FSB Wales is calling on Welsh Government to use the final budget in January 2026 to confirm continued or enhanced rates relief for the hospitality and leisure sector, which it says has faced years of rising energy bills, staffing shortages and fragile consumer confidence.
“We urge Welsh Government to build on this momentum in the final budget next month by addressing broader cost challenges, including targeted rates relief for the hospitality and leisure sector, to ensure our independent businesses on our high streets can truly get the support they need across Wales,” Joshua said.
Jim Jones, CEO of North Wales Tourism, said:
“As an industry voice for North Wales, we naturally welcome any additional support for businesses facing the 2026 revaluation, and the £116 million transitional package together with the first multiplier cut since 2010 will provide some genuine help.
“However, it is impossible to ignore that the Welsh scheme is significantly less generous than the one being delivered in England, despite both being funded from the same UK Government consequentials.
“The flat £300 threshold and two-year phasing leave many small and medium-sized businesses paying more. Welsh ratepayers deserve transparency about how much of the £505 million consequential has actually been passed on to them, rather than diverted elsewhere.
“At a time when our high streets and town centres are already under enormous pressure, this feels like another example of Welsh businesses being short-changed.”

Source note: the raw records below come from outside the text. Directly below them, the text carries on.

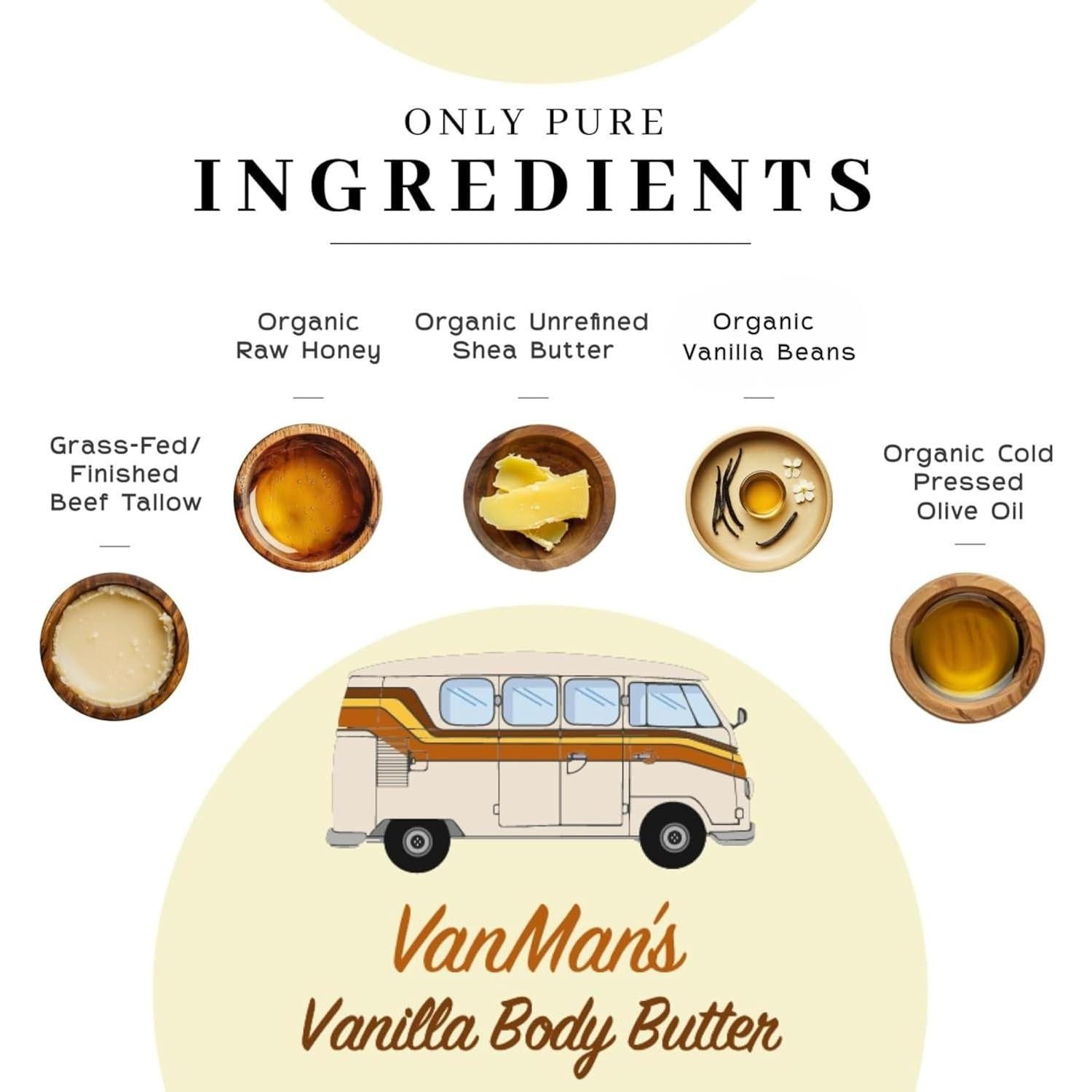 Mantequilla Corporal Batida Vanman 113.4 g - Hidratante de Tallow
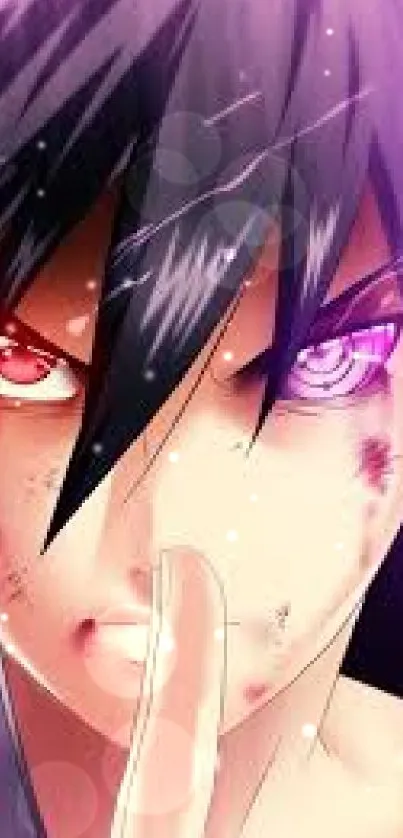 Intense anime character with striking eyes and vibrant colors on a mobile wallpaper.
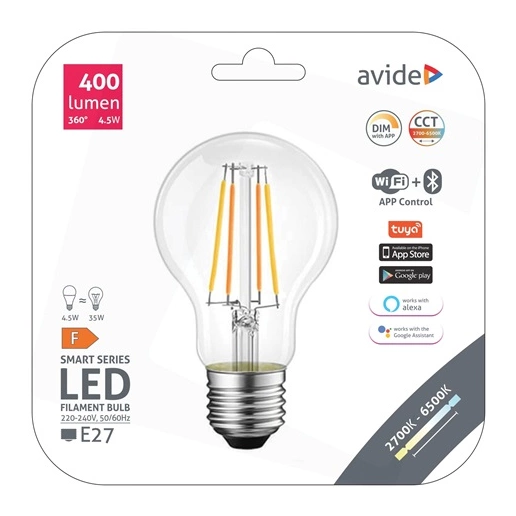 Avide ASF27CCT-4.5W-WIBLE smart filament  LED izzó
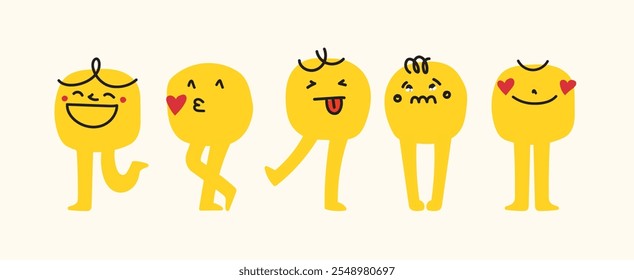 Conjunto de iconos de doodle de emoticonos abstractos. Iconos de contorno de emoji con patas. Iconos de sonrisa de dibujos animados. Emoticono de pegatinas. Iconos planos de Vector para redes sociales.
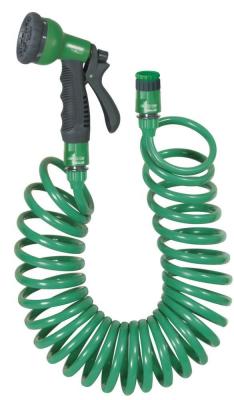 RIBILAND Ribimex PRA/TS.1360 Kit de tuyau spiral&eacute;, 15 m, Vert/Gris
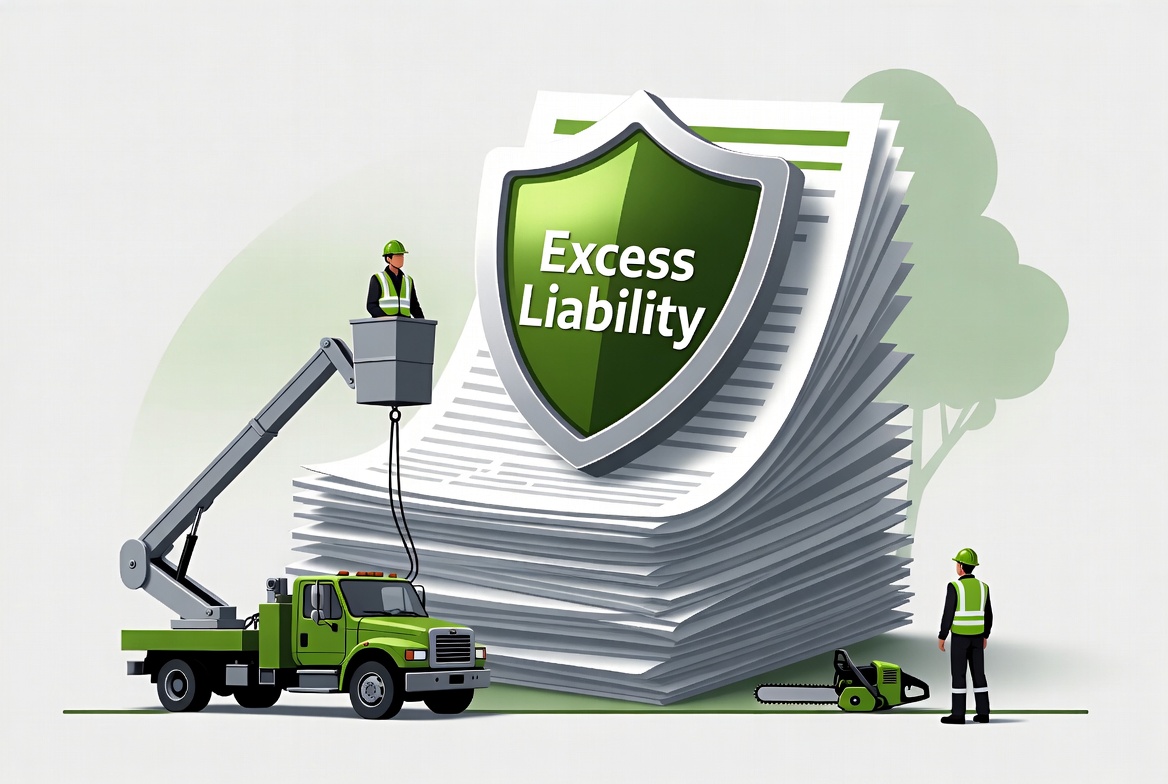 Excess liability for tree contractors - tall policy stack with metallic shield on top - Kelly Insurance Group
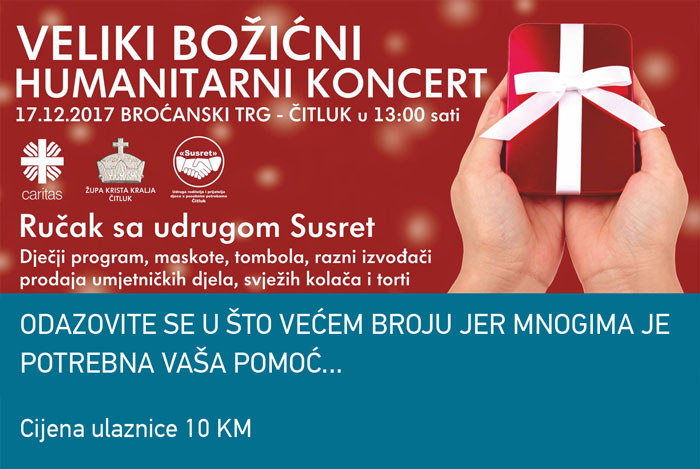 U nedjelju veliki božićni humanitarni koncert na Broćanskom trgu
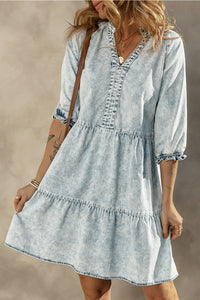 Dusk Blue Acid Wash Retro Half Sleeve Flared Denim Dress | Dresses/Mini Dresses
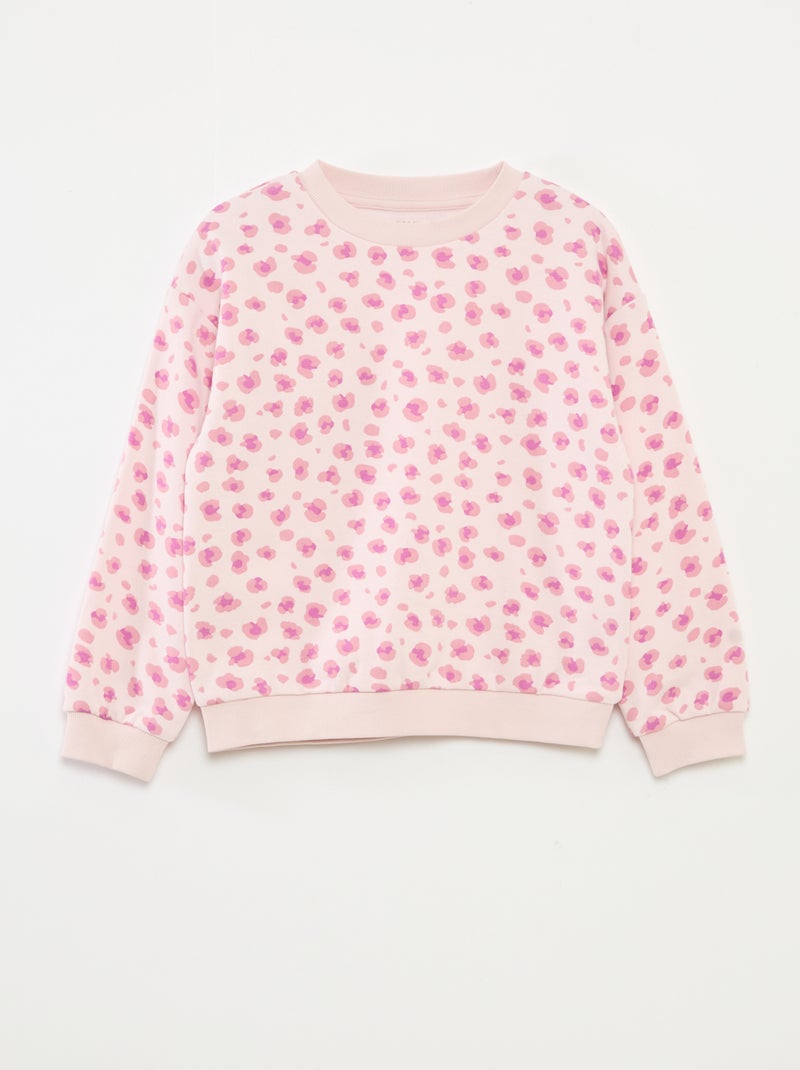 Sweatshirt de manga comprida com estampado Rosa - Kiabi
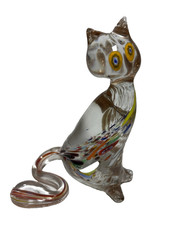 Statuina gatto in vetro soffiato Vecchia Murano Millefiori - 4,5” - fatta a mano Italia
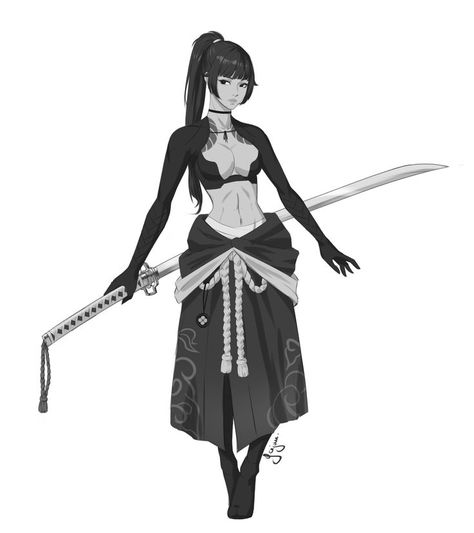 Female Samurai Art, Ninja Outfit, Female Anatomy Reference, Female Samurai, Ninja Girl, Ninja Art, Entertainment District, Samurai Art, Concept Art Drawing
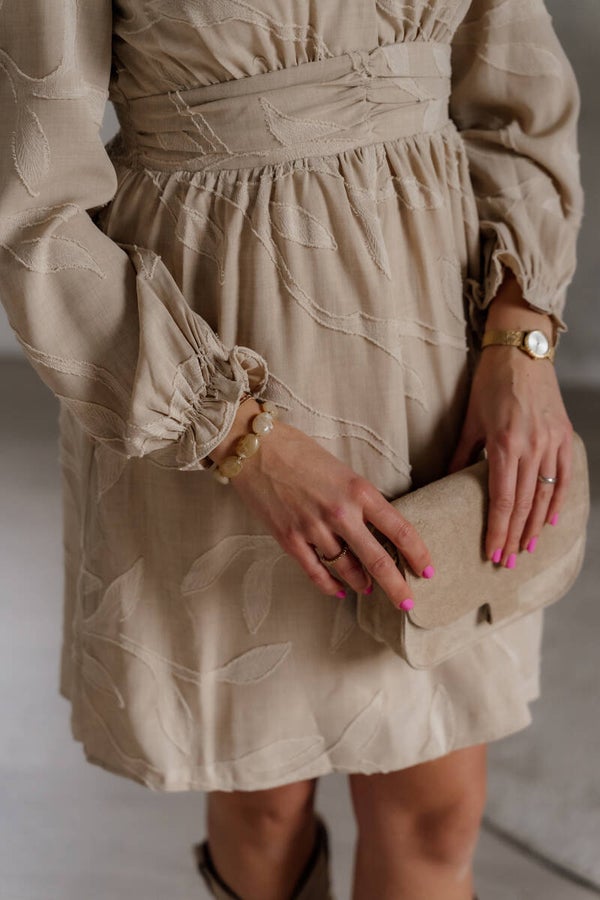 La Flor Tas Flora Suede - Zand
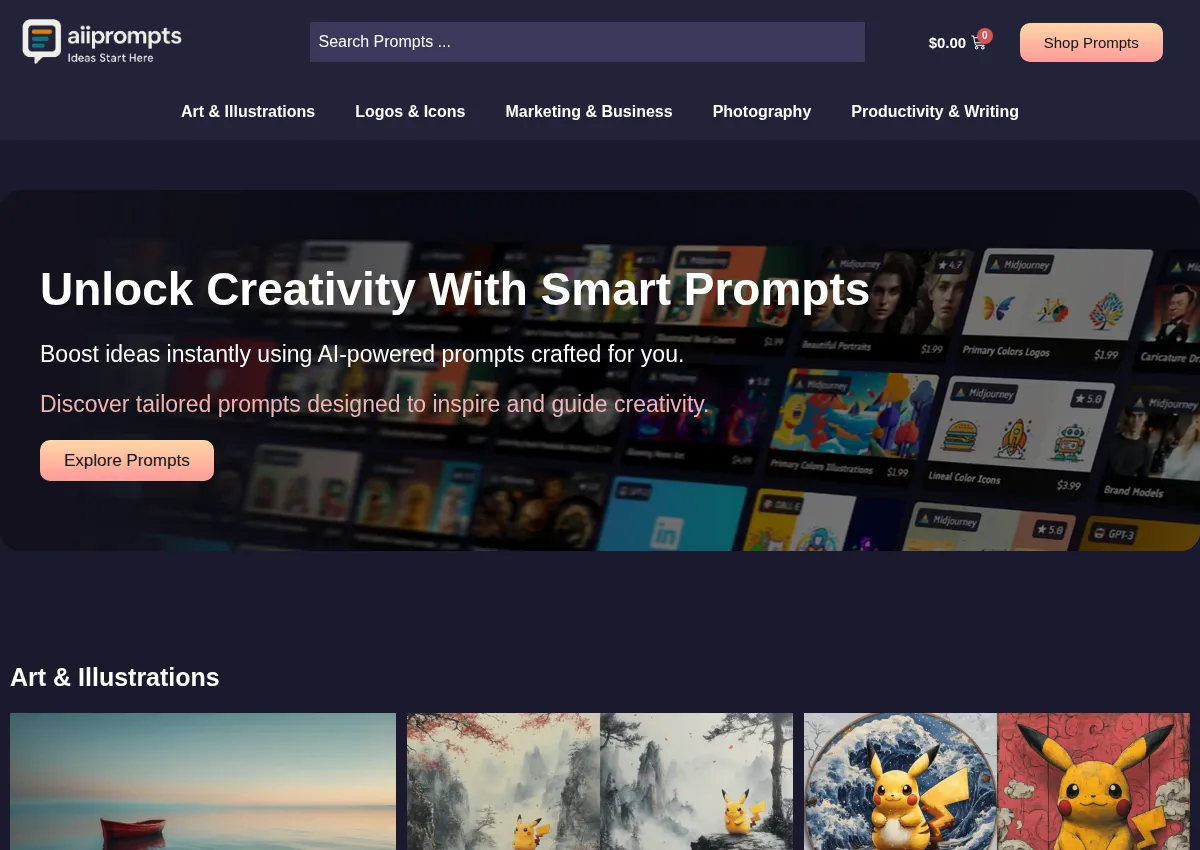 Store homepage
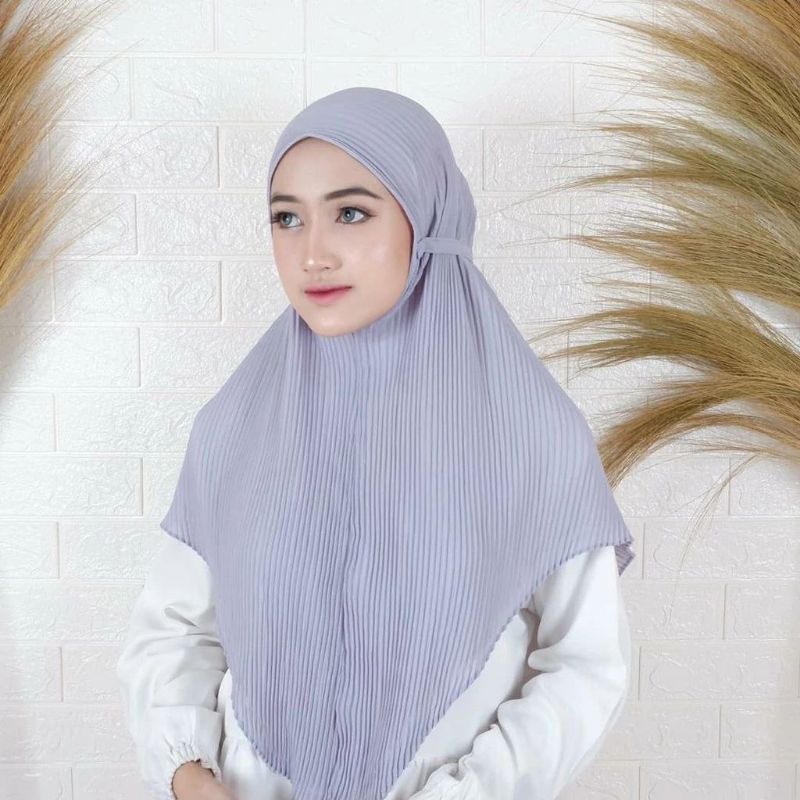 Hijab Instan Plisket Premium Jilbab Kerudung Langsungan Warna Abu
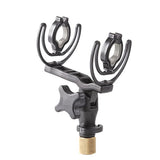 Shotgun mic suspension mount for 19/25mm, front view of dual clips and base
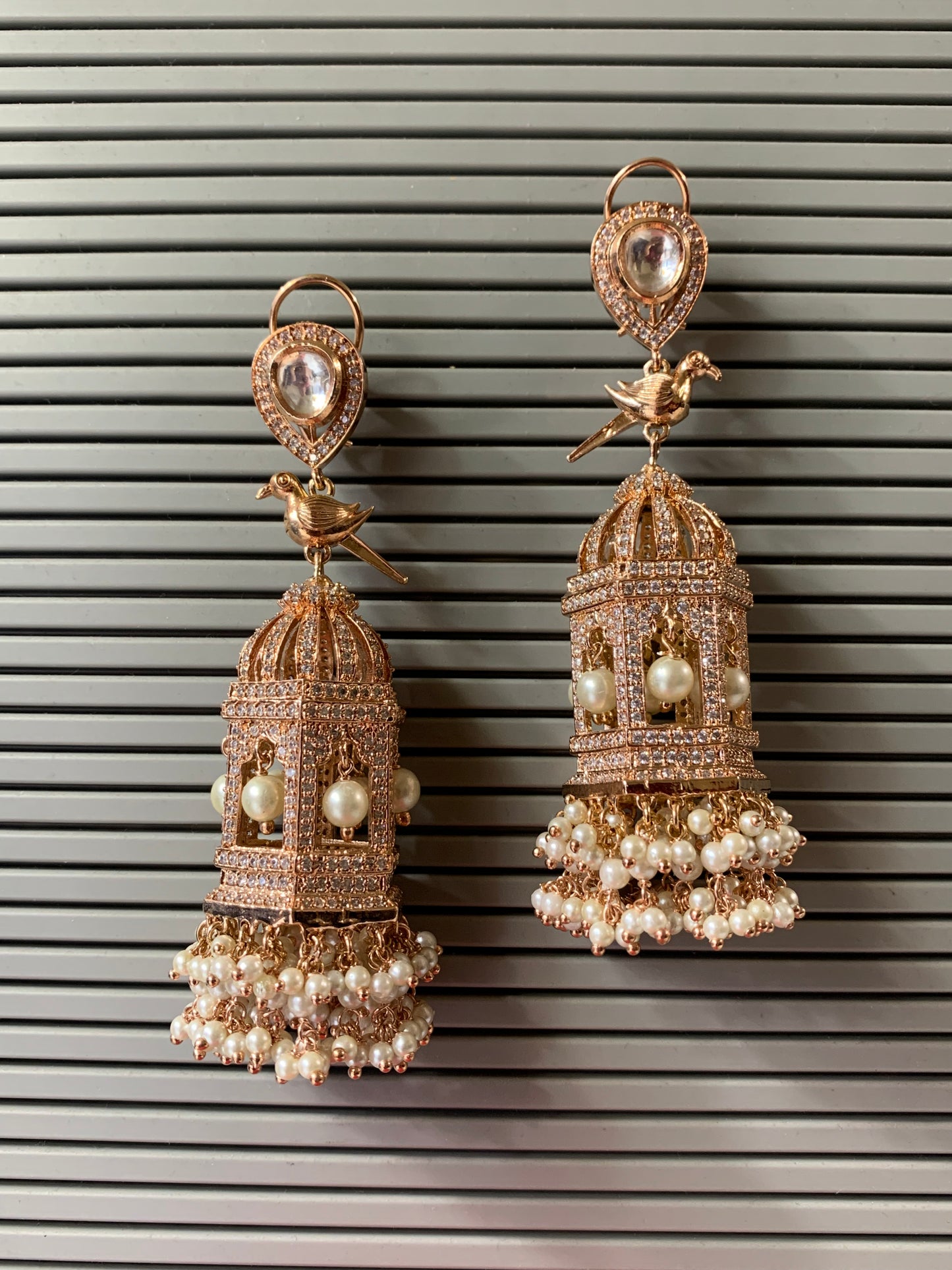 Oversize rose gold American diamond birdcage earring with kundan details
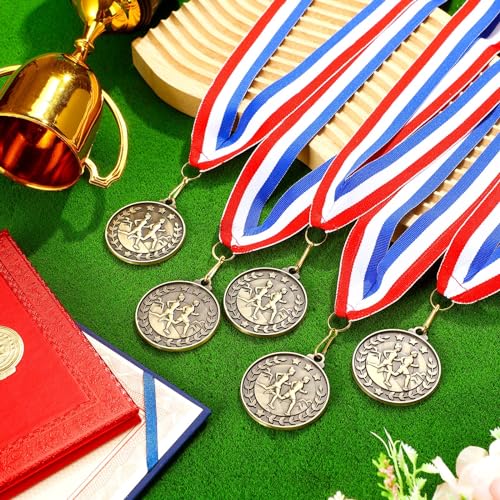 Remuuly 100 Pcs Cross Country Medal Set with Neck Ribbons, 2'' Gold Trophies - Style 1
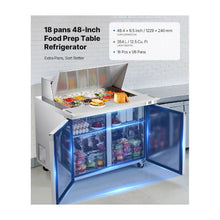 48 Inch Commercial Sandwich Prep Refrigerator 12.5 Cu.Ft. Mega Top Prep Table with 18 Food Pans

Peter Lynn, Chair of Swansea BID, said:
“We welcome all support that can be given to local business and we note the specific retail sector support which is particularly important. However we await the outcome and detail of the proposals to see if it assists all city centre business and we repeat our call for special status to be given to city centre businesses in all sectors and in particular our hospitality and leisure sectors who are vital to city centre life and who face particular challenges.”
Carolyn Brownell, Executive Director at FOR Cardiff, said:
“As the Business Improvement District representing more than 800 levy-paying businesses in Cardiff city-centre, FOR Cardiff recognises the importance of stability during periods of revaluation. We welcome the Welsh Government's announcement of a £116 million support package ahead of the re-evaluation of business rates from 1st April 2026. While the measures outlined are encouraging, the current business rates system continues to place a disproportionate burden on high-street businesses.
“Many high-street businesses are already navigating rising costs, shifting consumer behaviours and a slower post-pandemic recovery. Without a fundamental overhaul of the system, these challenges will persist and constrain economic growth. Business rates reform must deliver a fairer framework which supports the businesses which keep our high streets and communities thriving.”
The Welsh Government said it already provides £250 million each year in permanent business rates relief. Around two thirds of all properties in Wales either pay no rates or receive some form of relief.
Cabinet Secretary for Finance and Welsh Language Mark Drakeford said:
“We know businesses have faced significant economic challenges in recent years. This support package will help them manage the transition to updated rates bills while we deliver on our commitment to a fairer rates system.
“By introducing more frequent revaluations and a lower rate for small shops, we're making sure the business rates system reflects today's economy and supports the businesses that are the backbone of our high streets and communities.”